As part of PAPER's month-long "Sexpress" series, New York-based sexologist Shelby Sells will be writing weekly columns that investigate modern sexuality. Dive into her sexpertise, below.
What is Sextimacy? Sextimacy can be defined as the effort to find emotional intimacy through sex. In such sexually liberated times as these, it can be easy to confuse sexual connection with emotional intimacy. This is not the sex ed they taught in 8th grade! I have often confused the two. Upon moving to New York City I was fresh out of a break up and the possibilities of the dating scene seemed endless. In no time I became infatuated with a young Jewish man. We quickly bonded and were inseparable.
The sex. Oh, the sex was fantastic. I couldn't believe I had found someone who was so attentive to my needs so soon. We dated for a two months and it became apparent that although we cared for each other, neither of us were (or at least I wasn't) emotionally available. During our time together we both sought emotional intimacy through our sensuous connection. He desired the emotional connectedness and understanding of a partner (he had been single for almost 3 years) and I yearned for the comfort and trust my last relationship brought me. Though we developed sexual intimacy, neither of our emotional needs were being met. We did, however, carry on a sexual relationship that went on for some time after that. Kudos to you sir for your excellent bedroom manners.
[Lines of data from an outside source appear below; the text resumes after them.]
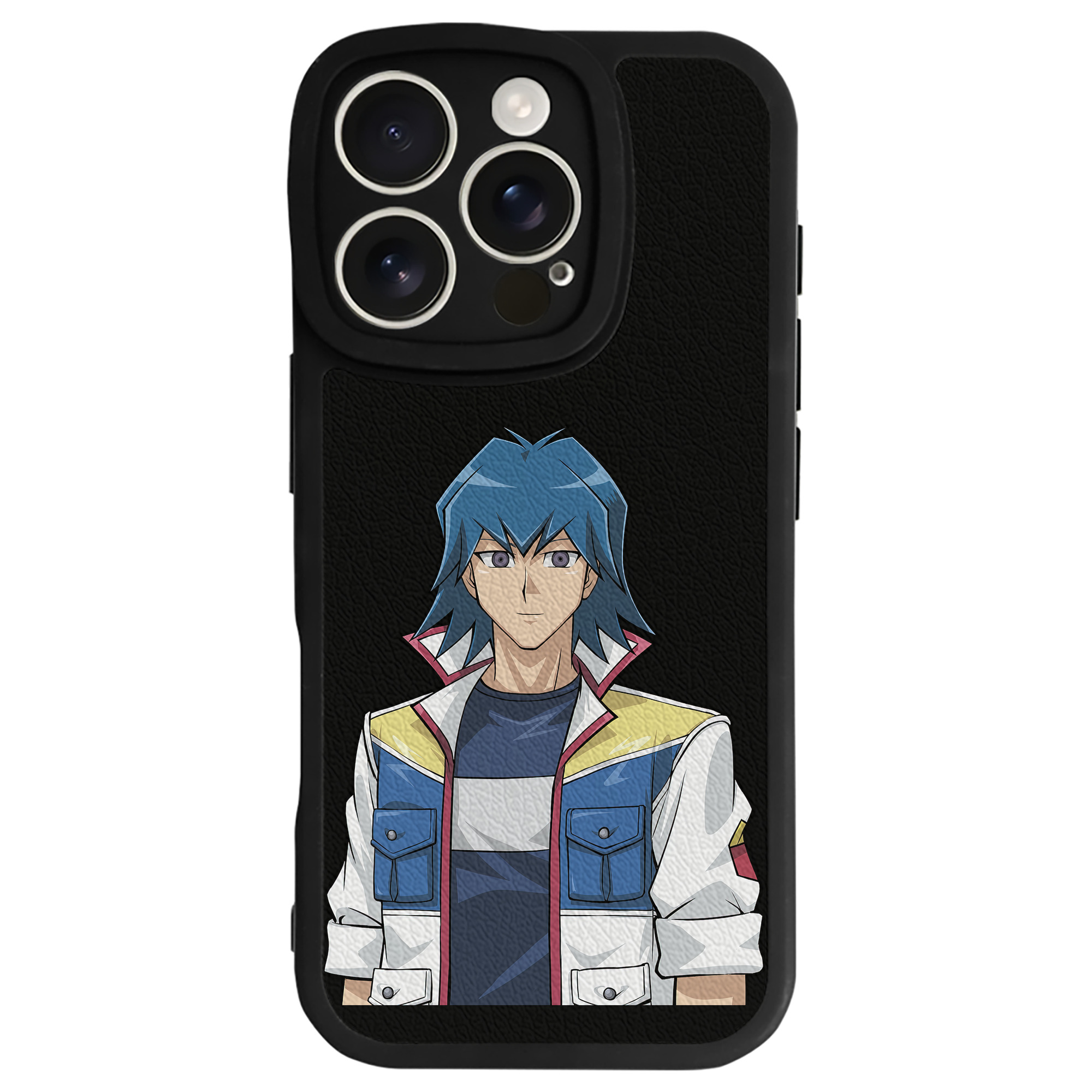 遊☆戯☆王 Yu-Gi-Oh! 【iPhone 16シリーズ対応】シリコンスマホケース（レザー調） 材質：シリコン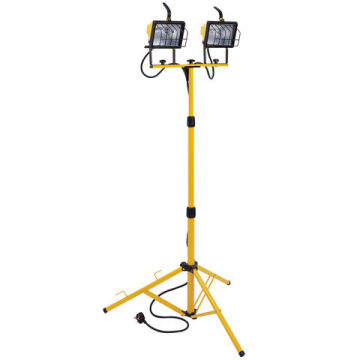 240V 500W/1000W Twin Halogen Site Work Light Lamp: Bright Solutions for Your Lighting Needs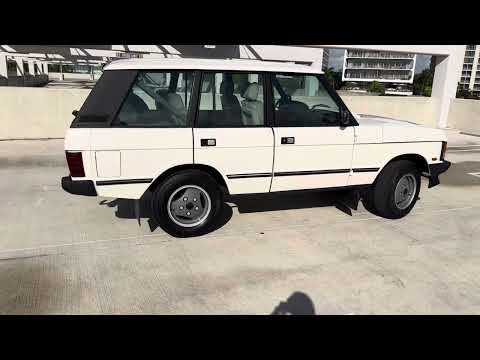 Sold: 55k-Mile 1985 Range Rover Classic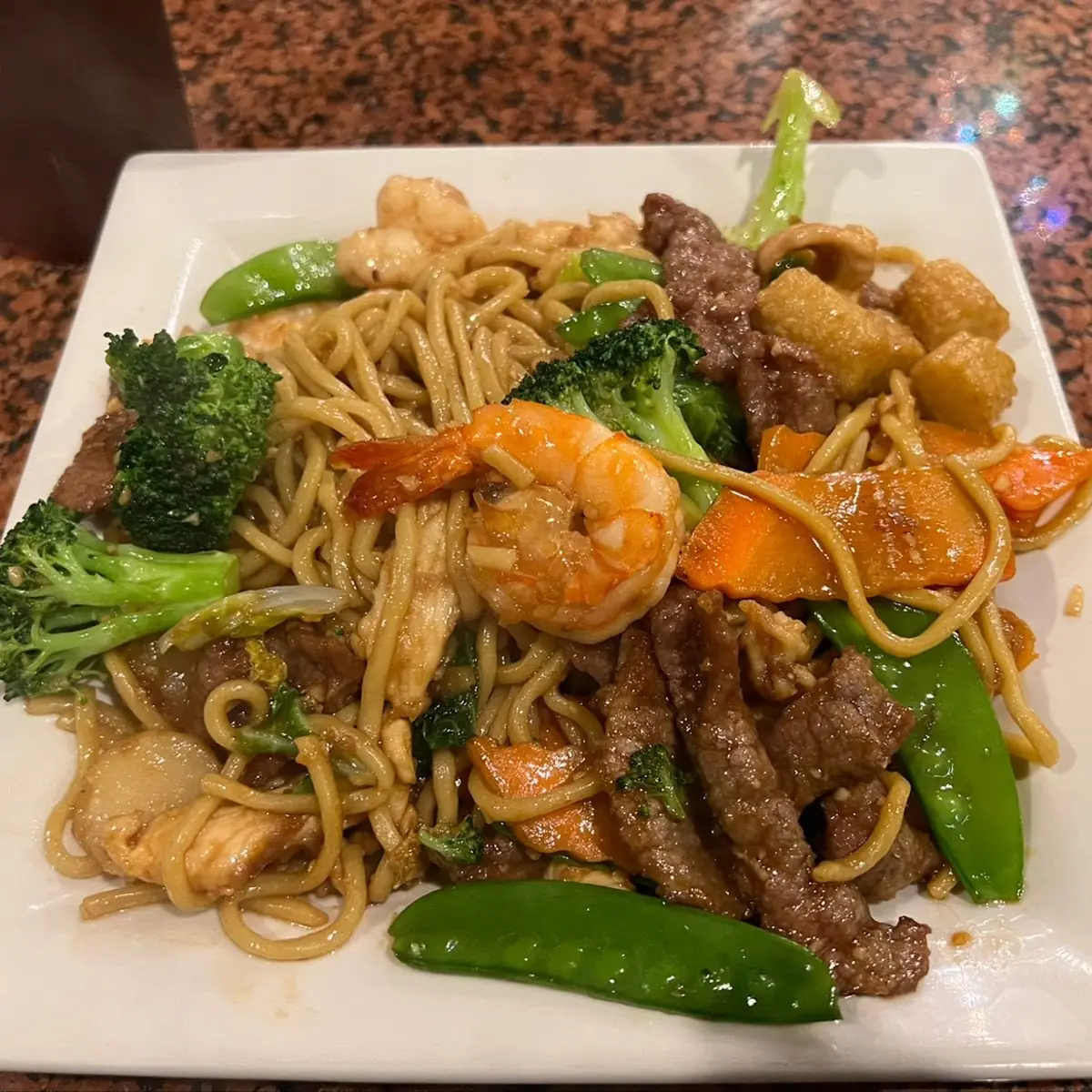 Combination Lo Mein Noodles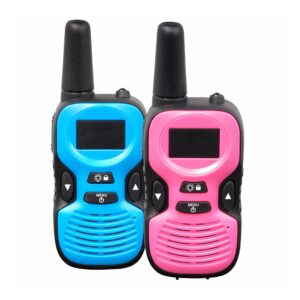 Denver WTK-441 Kids Walkie Talkie Set with Belt Clip & Built-in Torch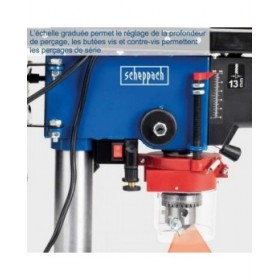 Trapano a colonna Scheppach DP16VLS 500 W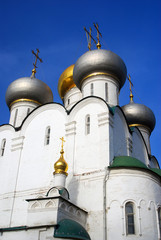 Fototapeta na wymiar Smolensky church. Novodevichy convent, Moscow. UNESCO Heritage.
Sex is physical act. It is fluid and can be many different things. Sex can be a Skype conversation, a late night dm, or a night of passionate physical intimacy. How you choose to define it is up to you. It is important to clarify what sex means to you in order to gain understanding of what you're receiving from it. For some people it's easy to differentiate sex from love and emotional intimacy. It is, after all, an animalistic act in nature. For others, it is not so easy. That is why sex is so problematic. It confuses our emotional and physical natures.
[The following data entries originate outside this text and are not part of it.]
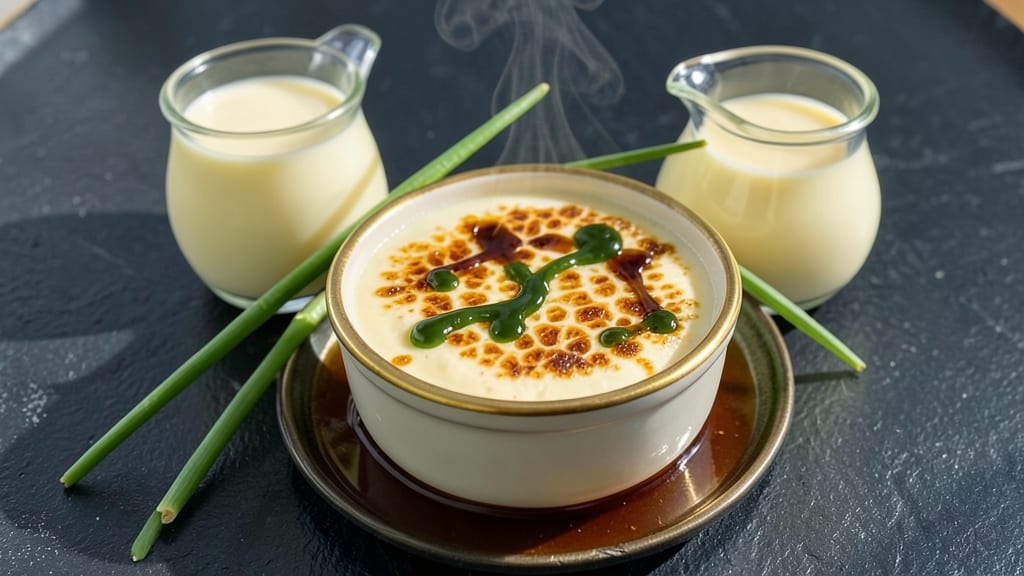 Thai Egg Custard Recipe: Silky Coconut Curd With Fragrant Lemongrass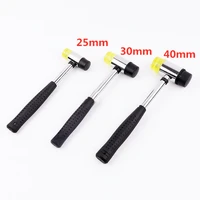 30mm rubber multifunctional hammer double faced work glazing window nylon hammer with round head diy hand tool for woodworking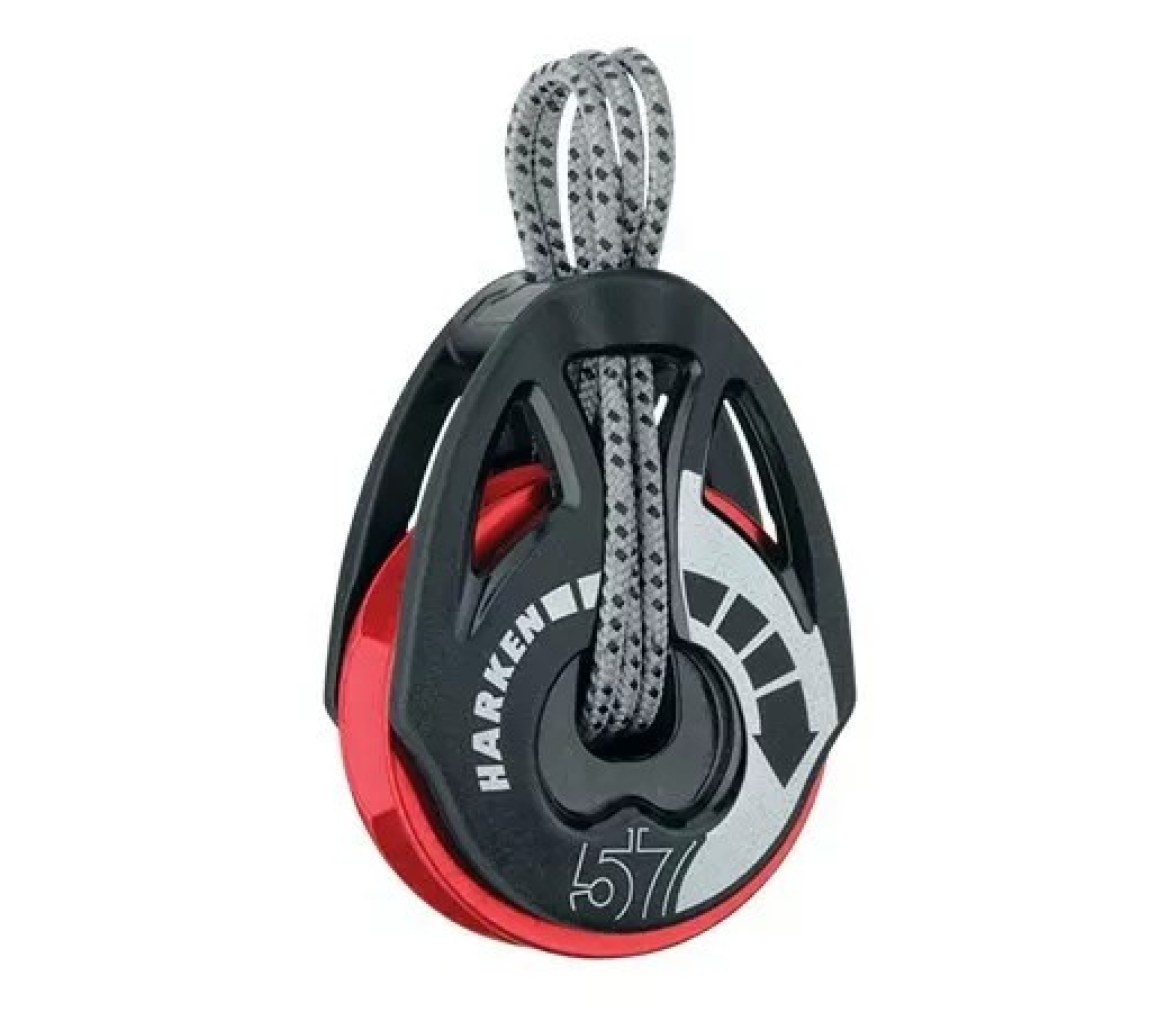 Harken 2160.RED Polea de violín Ratchamatic 57 mm roldana roja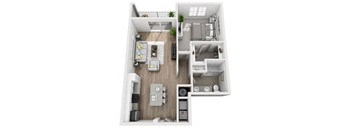 1 bedroom 1 bath floor plan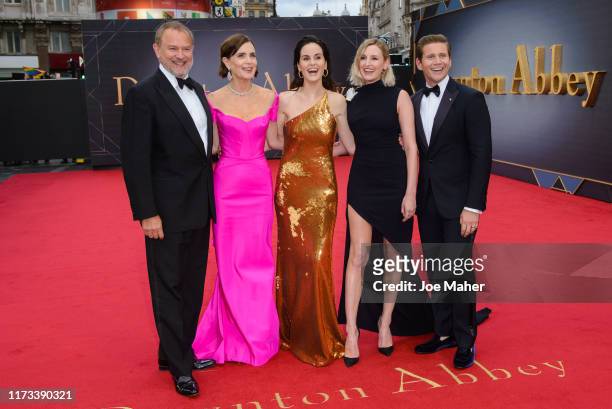 Hugh Bonneville, Elizabeth McGovern, Michelle Dockery, Laura Carmichael and Allen Leech attend the "Downton Abbey" World Premiere at Cineworld...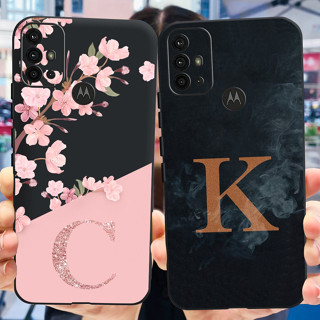 เคสโทรศัพท์มือถือแบบนิ่ม ลายตัวอักษร ดอกไม้ แฟชั่น สําหรับ Motorola Moto G20 Case XT2128-1 XT2128-2 G30 G10 XT2127-2 XT2129-1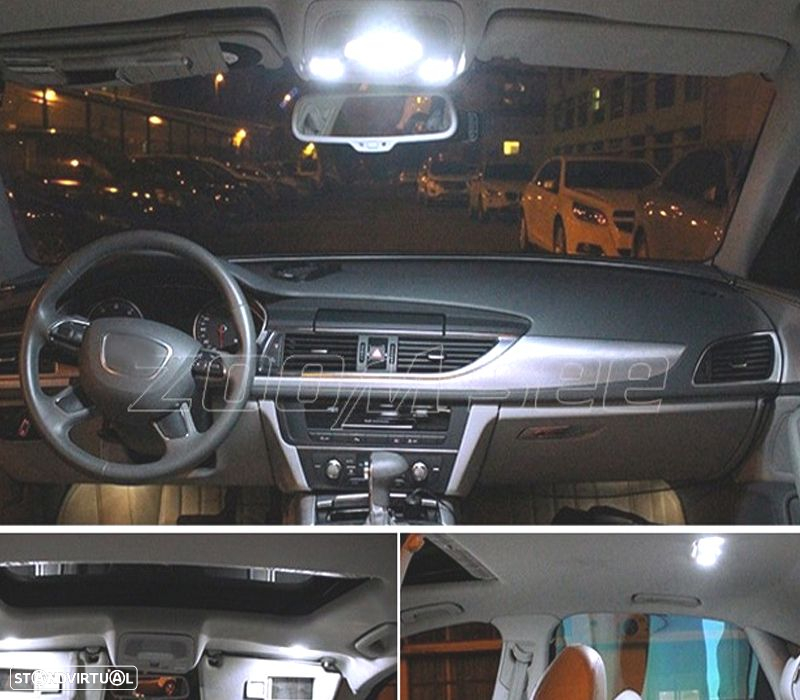 KIT COMPLETO 17 LAMPADAS LED INTERIOR PARA AUDI A6 S6 RS6 C7 AVANT WAGON 12- - 2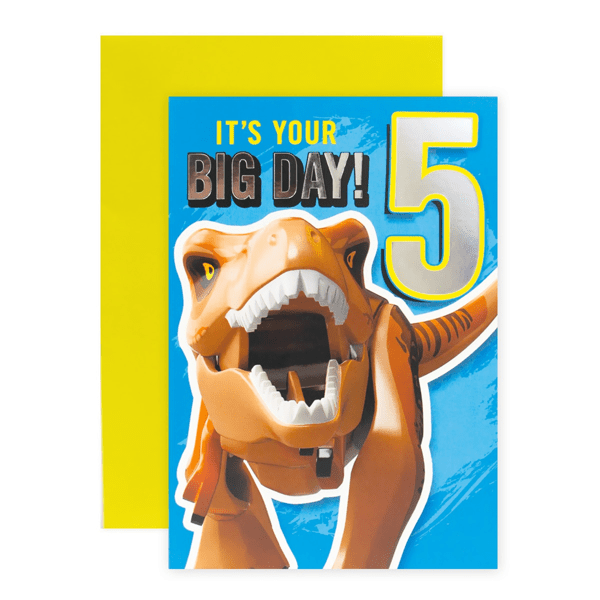 Biglietto D'Auguri Jurassic World JW007 - Birthday Boy - Con Busta, Ufficiale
Sextimacy fulfills short term needs. It is love at first sight — that intoxicating feeling of love, lust, and borderline obsession. The honeymoon phase. Once the allure has gone, it leaves lovers feeling empty and hopeless. However, once a new person enters the dating ring the rotation starts all over again, creating a savage cycle of extremes with ultimately little or no emotional fulfillment. Yikes!! The truly scary thing is that most people who fall prey to sextimacy have no awareness that they're even developing this pattern of behavior.
So how can we break this dating pattern? We must rewire our brains (I wish I was kidding) by repeatedly engaging in new, positive experiences. The first step begins with forming a healthy relationship with ourselves. Next, we must purposefully choose partners that display the qualities and characteristics we need to be satisfied in a relationship. By getting to know these new potential partners on multiple levels, and not just a sexual one, we are helping to disband disfunction in our romantic relationships.
Cultivating a strong sense of self will pave the way to relationships where your needs are constantly being met. If you do not know yourself on an emotional and sexual level, then it becomes very hard for people who are close to you to understand who you are and what you need. We're not all mind readers here! Value yourself. Accepting that your needs deserve attention from the beginning of a relationship is a great way to build a long-lasting foundation of emotional intimacy.